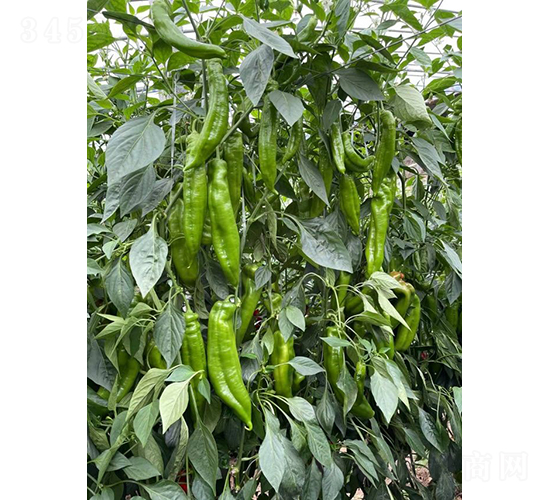 �����517-�����N��-�͝�(r��n)�r(n��ng)�I(y��)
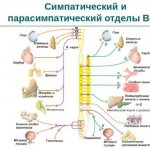 Autonomic nervous system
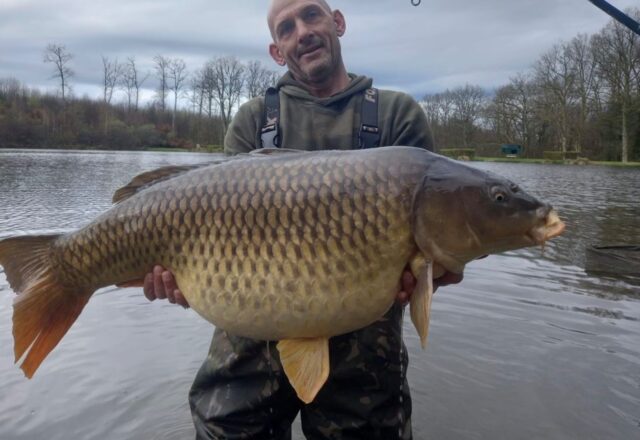 Lac de Lion - Image 3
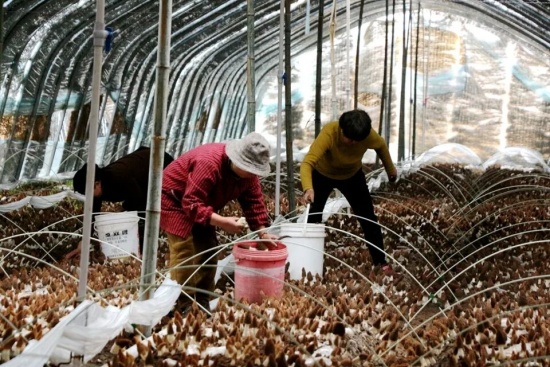 永城市马桥镇陈湾村：小小羊肚菌  撑起“致富伞”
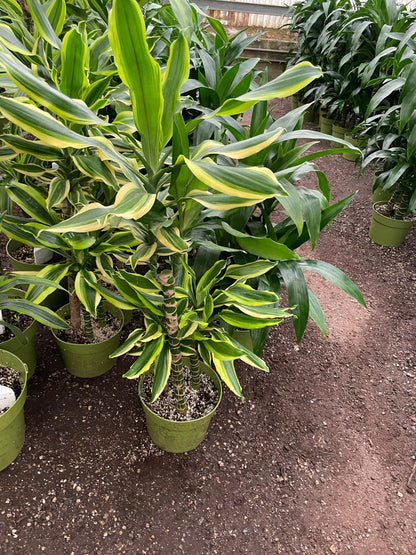 5-6ft Dracaena Del Sol - Variegated Corn Plant-easy care , low light , low water-ships without Growers  pot -4 cane in pot-not exact plant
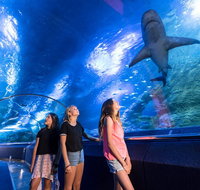 Lunch and General Admission Entry at AQWA - Accommodation Port Macquarie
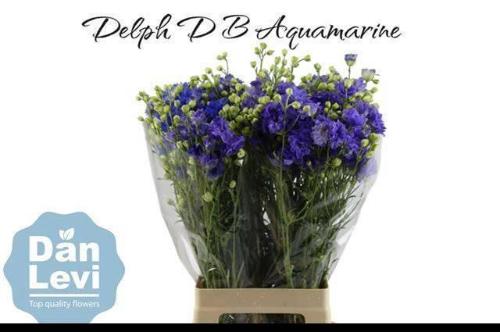 Delphinium dubbelbloemig grandiflorum 'Bijou Aquamarine'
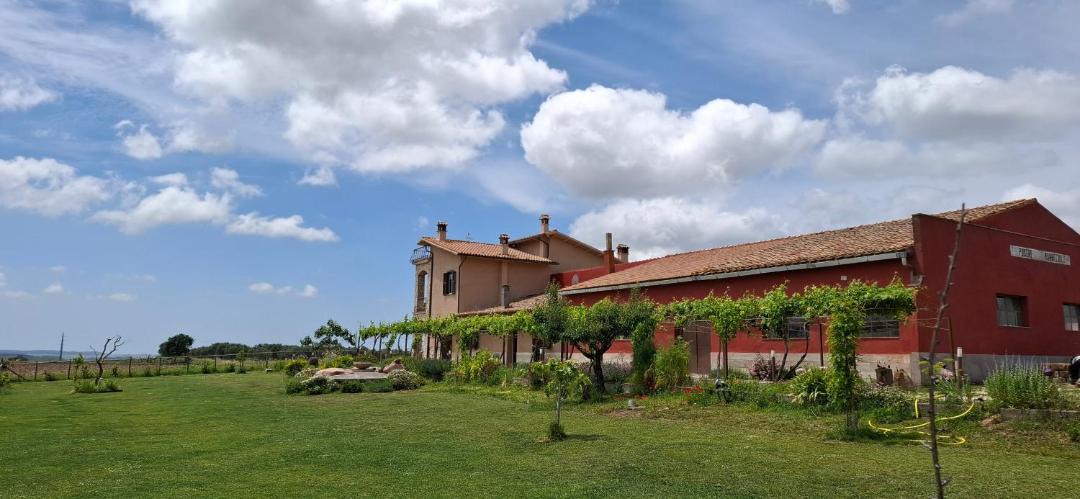 Photo of Others in Tuscania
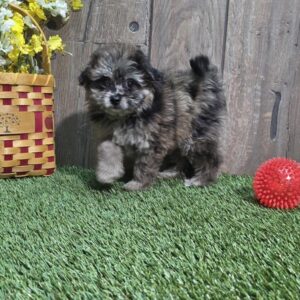 PomAPoo - 895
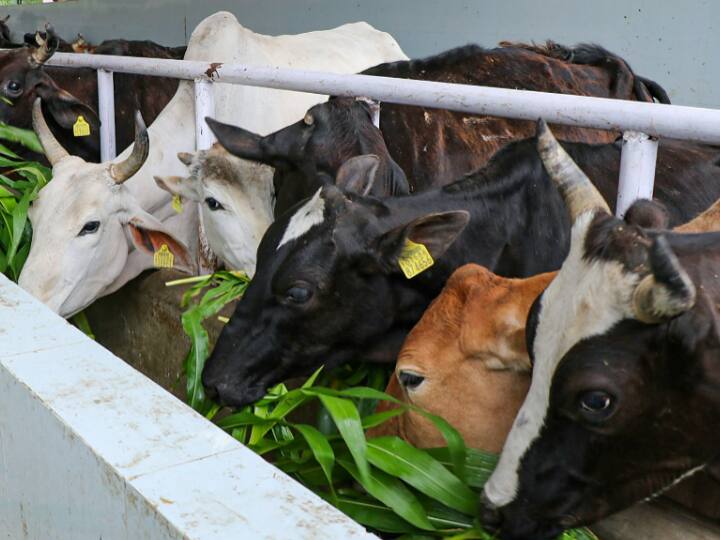 ‘भैंस, बैल को काटा जा सकता है गाय को क्यों नहीं?’ कर्नाटक के मंत्री के बयान पर छिड़ा विवाद ‘भैंस, बैल को काटा जा सकता है गाय को क्यों नहीं?’ कर्नाटक के मंत्री के बयान पर छिड़ा विवाद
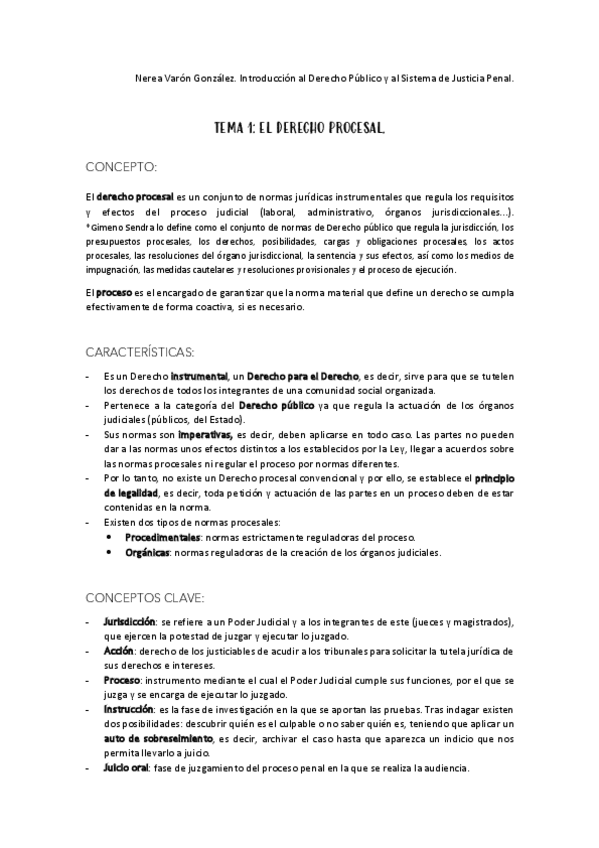 Miniatura del documento Introduccion-al-Derecho-Publico-y-al-Sistema-de-Justicia-Penal-procesal.pdf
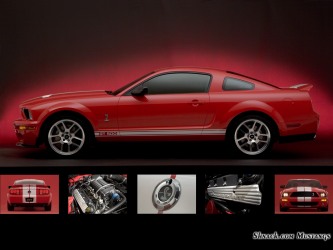 2007 Shelby GT500 Mustang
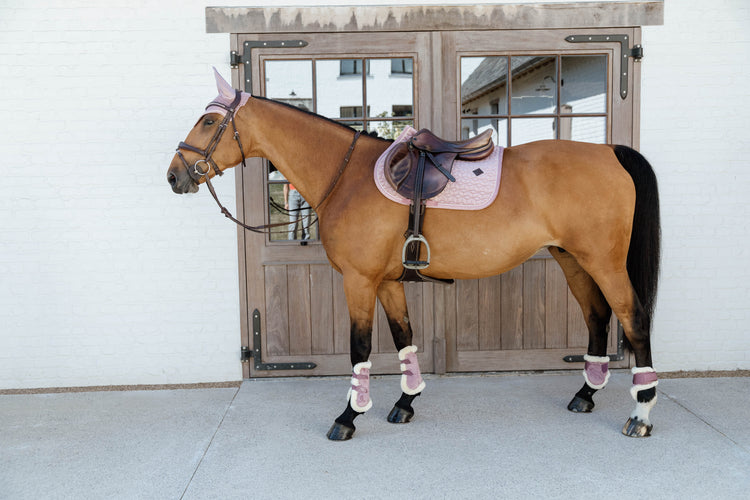 Pink matchy matchy set from Kentucky Horsewear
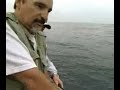 Fishing with Dan Hernadez with a crouded boat catching yellow tails using magic metal jigs reeling in fast right next to a kelp patty, using tiger rods with a fluger reel and spin cast reels, with 25 pound cajun red line.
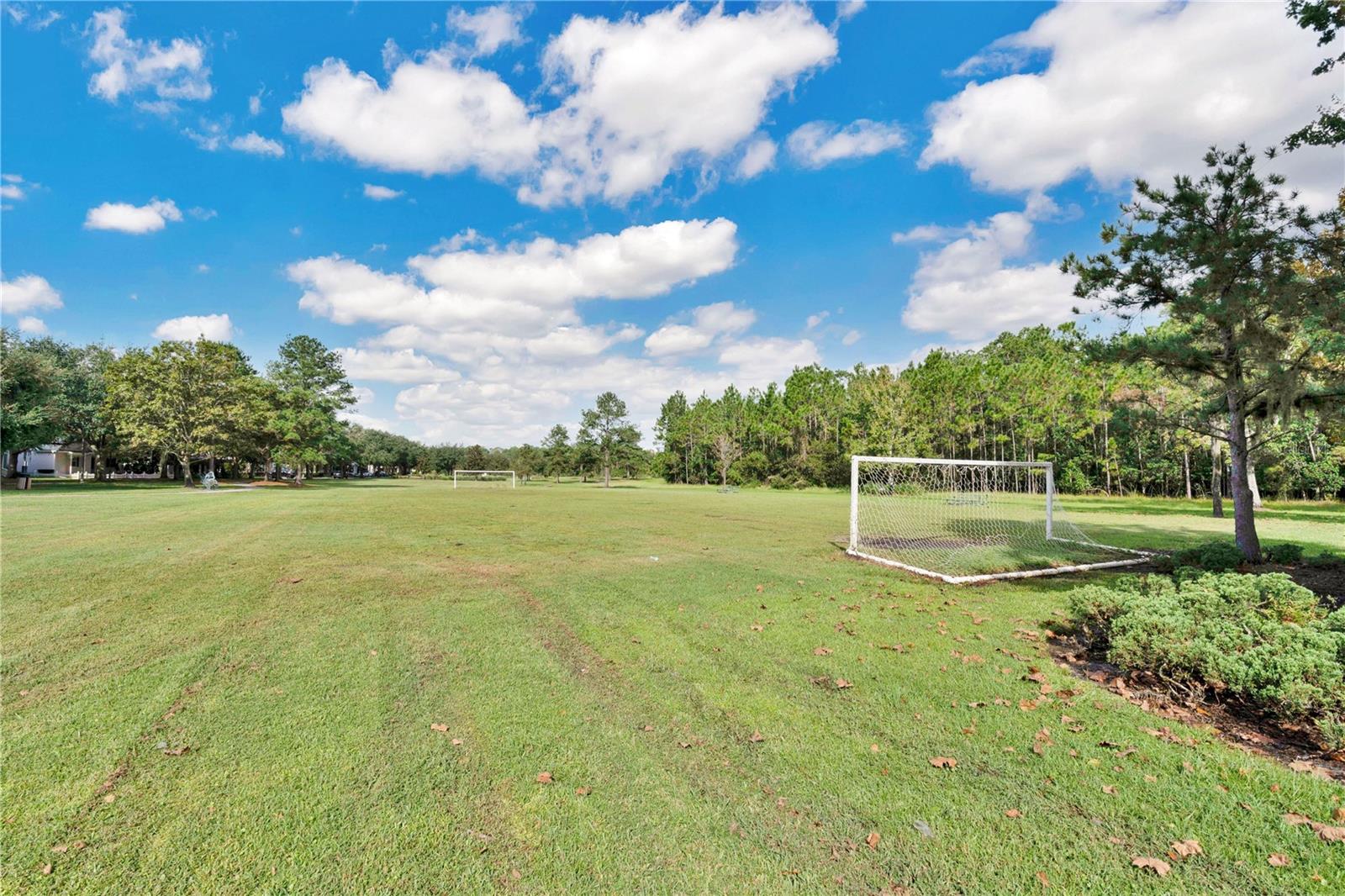 3320 BRACKEN FERN DR, HARMONY, FL, 34773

━━━━━━━━━━

Exercise details
Without any pictures, please write out the lines from the one containing "विवाद ‘भैंस, बैल" through the final line of the data, exactly and inclusive of both ends.

Response to this exercise
 ‘भैंस, बैल को काटा जा सकता है गाय को क्यों नहीं?’ कर्नाटक के मंत्री के बयान पर छिड़ा विवाद ‘भैंस, बैल को काटा जा सकता है गाय को क्यों नहीं?’ कर्नाटक के मंत्री के बयान पर छिड़ा विवाद
 Miniatura del documento Introduccion-al-Derecho-Publico-y-al-Sistema-de-Justicia-Penal-procesal.pdf
 2007 Shelby GT500 Mustang
 Pink matchy matchy set from Kentucky Horsewear
 Fishing with Dan Hernadez with a crouded boat catching yellow tails using magic metal jigs reeling in fast right next to a kelp patty, using tiger rods with a fluger reel and spin cast reels, with 25 pound cajun red line.
 3320 BRACKEN FERN DR, HARMONY, FL, 34773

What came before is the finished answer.